The nineties saw the “globalization” of company management structures. Training and mentoring started to pay off and local staff began to be trusted to run local affairs in the image of “corporate”. Think global but act local was the mantra and it was OK to be a little different in the local market place. Talent supply was still plentiful and the required skills and competencies began to be better defined.
The 00’s brought a new reality; global synergies, values and process were transferred to local operations to bring them into line with emerging so called global cultures. A rifle shot approach to expatriation aimed at key projects and one time transfers of limited duration became the norm. The foreign service manual became thinner as allowances were curtailed or cut. Unless you were a key essential talent, a foreign assignment didn’t deliver the largesse that it once did and, like every other aspect of employment, the foreign assignment began to be distrusted by employees. They weren’t fooled by statements that their career would advance when the next paragraph in their offer letter talked about severance if a position were not available in their home location at the end of their assignment.
Why the history lesson? It serves to show that in current “management memory” there has always been a plentiful supply of people willing to work internationally (but not perhaps, always with the perfect profile).
We are on the cusp of a return to growth and international expansion. The Great recession is over and companies are beginning to need additional people. Expatriate assignments meanwhile have been distilled into four different categories; to meet client contract obligations, undertake specific project tasks, to transfer skills to the local team and individual professional development.
Assignments are no longer the pioneering positions of the eighties. The Home office is in touch hourly and incumbents need to be nothing less than ambassadorial in protecting the company’s reputation and influence. Mavericks need not apply. In fact, only the best will be considered; rock star employees with impeccable attributes who reflect the Company’s values and culture in everything that they do.
But where will these people come from?
The old guys that enjoyed one last challenge before heading into retirement did actually retire during the great recession. Younger managers aren’t prepared to be out of sight and out of mind in case potential promotions arise at home and besides they have children and elderly parental considerations plus two careers to think about. Unlike their parents at the same stage, they have been everywhere already – sure they’ll travel but for pleasure. Oh and those jobs in downtown Paris and London are now all occupied by locals with the new expatriate locations being far less attractive.
But somehow you have to fill those gaps otherwise the company risks losing contracts, a competitive advantage or market share.
Let’s just go through that scenario one more time:
- Fewer people will be willing or able to work internationally
- Fewer still will have the impeccable credentials that are now sought
- Mobile employees have gone from least to most important
- The market implications of having the right person in a key job at the right time are much, much higher
- Assignment costs are increasing and so is the cost of failed assignments
But wait there’s more.
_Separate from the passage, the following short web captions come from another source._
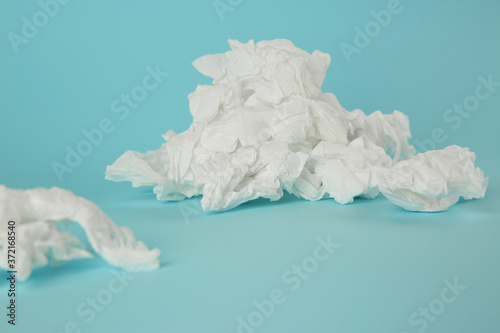 Used paper tissues on light blue background, closeup photo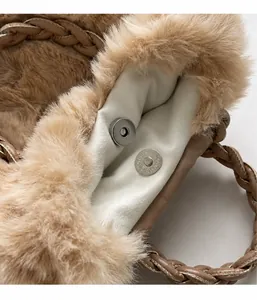 Detail of the soft faux fur bag interior showing the silver magnetic clasp and lining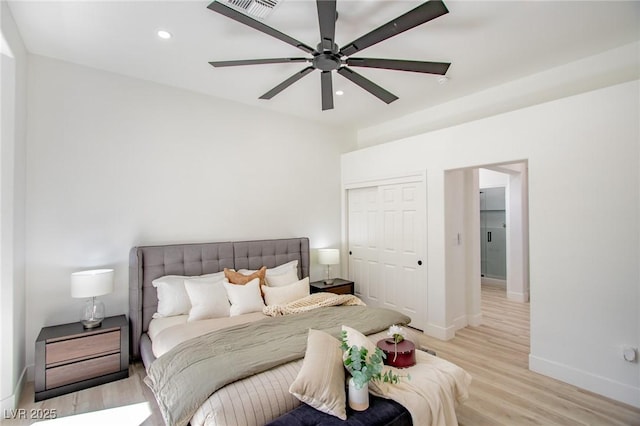 10709 Hunters Woods Pl, Las Vegas, NV 89134 - bedroom with light wood-type flooring, recessed lighting, a closet, baseboards, and ceiling fan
Expatriates used to be the one employee group where turnover was low; they had a built in retention feature. Employees would never leave mid assignment because they could not replace that contractual return ticket home. That’s no longer the case.
Employees are much more widely travelled and are not intimidated by the prospect of joining a local employer while on assignment even on local terms and conditions. Besides many employers for the right skill set will offer a hybrid package featuring local terms plus home leave and a return relocation allowance in order to harness those skills even for a limited period. The world has become a smaller place and the search for scarce talent is global. Once you have found people you need to keep them because assignment interruptions are expensive.
We used to think too that no local employer could match an expatriate package and that’s no longer the case. There has been a leveling of compensation over the last twenty years. In many industries and for certain skill sets there is already an established global rate. Companies have pruned back international packages and local salaries have increased further narrowing the gap.
So what’s to be done?
- Expatriates like all other employees need to be completely engaged. Ensure that they have the opportunity to exercise initiative and innovate notwithstanding the potential risks
- Make sure that you are aware of competitive (expatriate and local) pay in the region
- Create terms and conditions and a support system that appeals to family. Assignments fail because things go wrong at home – try to anticipate and meet these needs
- Look at an assignment in terms of enterprise value not cost for measuring ROI
- When you have an employee who is willingly mobile and represents your company well, nurture their development
International assignments are costly and doubly so when they go wrong, but the accumulating enterprise value that the right person fully engaged and not distracted by family or location challenges, will produce by completing the assignment should be the prime consideration.
And don’t for one second assume that you can achieve all you need to in the spirit of your culture and values with a fly in fly out leader. Constant communication is essential and necessary but it’s what happens in the white space, between meetings and outside the office that builds exceptional teams and leaders.